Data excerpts
↓

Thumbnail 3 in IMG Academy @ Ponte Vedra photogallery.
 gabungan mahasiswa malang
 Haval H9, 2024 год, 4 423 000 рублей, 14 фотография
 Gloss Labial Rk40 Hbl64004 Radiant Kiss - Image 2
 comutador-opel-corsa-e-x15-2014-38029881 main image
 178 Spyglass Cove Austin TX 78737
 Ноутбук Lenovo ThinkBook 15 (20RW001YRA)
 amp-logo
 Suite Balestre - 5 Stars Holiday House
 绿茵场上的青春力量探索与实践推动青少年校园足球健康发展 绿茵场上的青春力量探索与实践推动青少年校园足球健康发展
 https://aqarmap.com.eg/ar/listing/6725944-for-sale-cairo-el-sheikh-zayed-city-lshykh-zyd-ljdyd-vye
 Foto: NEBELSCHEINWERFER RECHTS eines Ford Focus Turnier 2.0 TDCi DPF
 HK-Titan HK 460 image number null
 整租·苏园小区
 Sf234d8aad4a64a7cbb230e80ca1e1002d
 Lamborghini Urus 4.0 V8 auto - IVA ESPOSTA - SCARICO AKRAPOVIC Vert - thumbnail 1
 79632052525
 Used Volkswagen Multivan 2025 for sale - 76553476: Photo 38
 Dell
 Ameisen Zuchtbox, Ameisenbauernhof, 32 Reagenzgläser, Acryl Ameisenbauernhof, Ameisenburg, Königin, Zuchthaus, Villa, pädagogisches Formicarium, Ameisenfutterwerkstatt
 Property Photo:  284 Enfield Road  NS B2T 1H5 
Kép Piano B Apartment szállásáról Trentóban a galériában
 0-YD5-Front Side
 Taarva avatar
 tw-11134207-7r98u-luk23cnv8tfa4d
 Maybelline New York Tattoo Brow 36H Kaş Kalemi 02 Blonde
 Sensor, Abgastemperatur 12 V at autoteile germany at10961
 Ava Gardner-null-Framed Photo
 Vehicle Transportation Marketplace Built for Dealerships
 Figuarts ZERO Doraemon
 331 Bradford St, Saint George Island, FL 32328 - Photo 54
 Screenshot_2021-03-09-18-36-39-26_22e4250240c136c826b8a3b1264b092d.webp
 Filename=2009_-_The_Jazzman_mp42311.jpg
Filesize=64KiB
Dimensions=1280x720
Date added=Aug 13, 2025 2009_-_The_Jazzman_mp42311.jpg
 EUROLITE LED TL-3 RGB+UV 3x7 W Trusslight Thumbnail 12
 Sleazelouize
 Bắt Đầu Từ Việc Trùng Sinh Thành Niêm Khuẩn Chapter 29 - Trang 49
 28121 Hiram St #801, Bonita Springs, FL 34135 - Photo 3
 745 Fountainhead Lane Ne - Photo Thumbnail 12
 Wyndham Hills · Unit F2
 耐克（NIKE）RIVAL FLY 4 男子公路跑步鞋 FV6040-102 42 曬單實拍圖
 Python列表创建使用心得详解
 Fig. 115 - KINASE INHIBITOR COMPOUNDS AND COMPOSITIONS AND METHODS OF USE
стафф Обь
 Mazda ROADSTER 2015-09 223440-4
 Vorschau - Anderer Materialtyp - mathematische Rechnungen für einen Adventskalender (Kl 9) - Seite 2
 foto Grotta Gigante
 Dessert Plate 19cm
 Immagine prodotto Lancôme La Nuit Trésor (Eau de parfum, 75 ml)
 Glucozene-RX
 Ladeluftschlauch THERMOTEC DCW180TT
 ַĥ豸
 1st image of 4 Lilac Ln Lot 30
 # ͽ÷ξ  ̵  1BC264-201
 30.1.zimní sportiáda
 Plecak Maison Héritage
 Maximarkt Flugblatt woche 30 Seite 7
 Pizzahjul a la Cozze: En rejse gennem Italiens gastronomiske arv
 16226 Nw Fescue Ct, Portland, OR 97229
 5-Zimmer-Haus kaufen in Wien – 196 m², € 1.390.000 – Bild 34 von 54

↑

Exercise prompt:
Taking the records above, retype every line from the one with "Foto: NEBELSCHEINWERFER RECHTS" down to the one with "16226 Nw Fescue Ct, Portland, OR 97229", exactly and with nothing else.

Output for this task:
 Foto: NEBELSCHEINWERFER RECHTS eines Ford Focus Turnier 2.0 TDCi DPF
 HK-Titan HK 460 image number null
 整租·苏园小区
 Sf234d8aad4a64a7cbb230e80ca1e1002d
 Lamborghini Urus 4.0 V8 auto - IVA ESPOSTA - SCARICO AKRAPOVIC Vert - thumbnail 1
 79632052525
 Used Volkswagen Multivan 2025 for sale - 76553476: Photo 38
 Dell
 Ameisen Zuchtbox, Ameisenbauernhof, 32 Reagenzgläser, Acryl Ameisenbauernhof, Ameisenburg, Königin, Zuchthaus, Villa, pädagogisches Formicarium, Ameisenfutterwerkstatt
 Property Photo:  284 Enfield Road  NS B2T 1H5 
Kép Piano B Apartment szállásáról Trentóban a galériában
 0-YD5-Front Side
 Taarva avatar
 tw-11134207-7r98u-luk23cnv8tfa4d
 Maybelline New York Tattoo Brow 36H Kaş Kalemi 02 Blonde
 Sensor, Abgastemperatur 12 V at autoteile germany at10961
 Ava Gardner-null-Framed Photo
 Vehicle Transportation Marketplace Built for Dealerships
 Figuarts ZERO Doraemon
 331 Bradford St, Saint George Island, FL 32328 - Photo 54
 Screenshot_2021-03-09-18-36-39-26_22e4250240c136c826b8a3b1264b092d.webp
 Filename=2009_-_The_Jazzman_mp42311.jpg
Filesize=64KiB
Dimensions=1280x720
Date added=Aug 13, 2025 2009_-_The_Jazzman_mp42311.jpg
 EUROLITE LED TL-3 RGB+UV 3x7 W Trusslight Thumbnail 12
 Sleazelouize
 Bắt Đầu Từ Việc Trùng Sinh Thành Niêm Khuẩn Chapter 29 - Trang 49
 28121 Hiram St #801, Bonita Springs, FL 34135 - Photo 3
 745 Fountainhead Lane Ne - Photo Thumbnail 12
 Wyndham Hills · Unit F2
 耐克（NIKE）RIVAL FLY 4 男子公路跑步鞋 FV6040-102 42 曬單實拍圖
 Python列表创建使用心得详解
 Fig. 115 - KINASE INHIBITOR COMPOUNDS AND COMPOSITIONS AND METHODS OF USE
стафф Обь
 Mazda ROADSTER 2015-09 223440-4
 Vorschau - Anderer Materialtyp - mathematische Rechnungen für einen Adventskalender (Kl 9) - Seite 2
 foto Grotta Gigante
 Dessert Plate 19cm
 Immagine prodotto Lancôme La Nuit Trésor (Eau de parfum, 75 ml)
 Glucozene-RX
 Ladeluftschlauch THERMOTEC DCW180TT
 ַĥ豸
 1st image of 4 Lilac Ln Lot 30
 # ͽ÷ξ  ̵  1BC264-201
 30.1.zimní sportiáda
 Plecak Maison Héritage
 Maximarkt Flugblatt woche 30 Seite 7
 Pizzahjul a la Cozze: En rejse gennem Italiens gastronomiske arv
 16226 Nw Fescue Ct, Portland, OR 97229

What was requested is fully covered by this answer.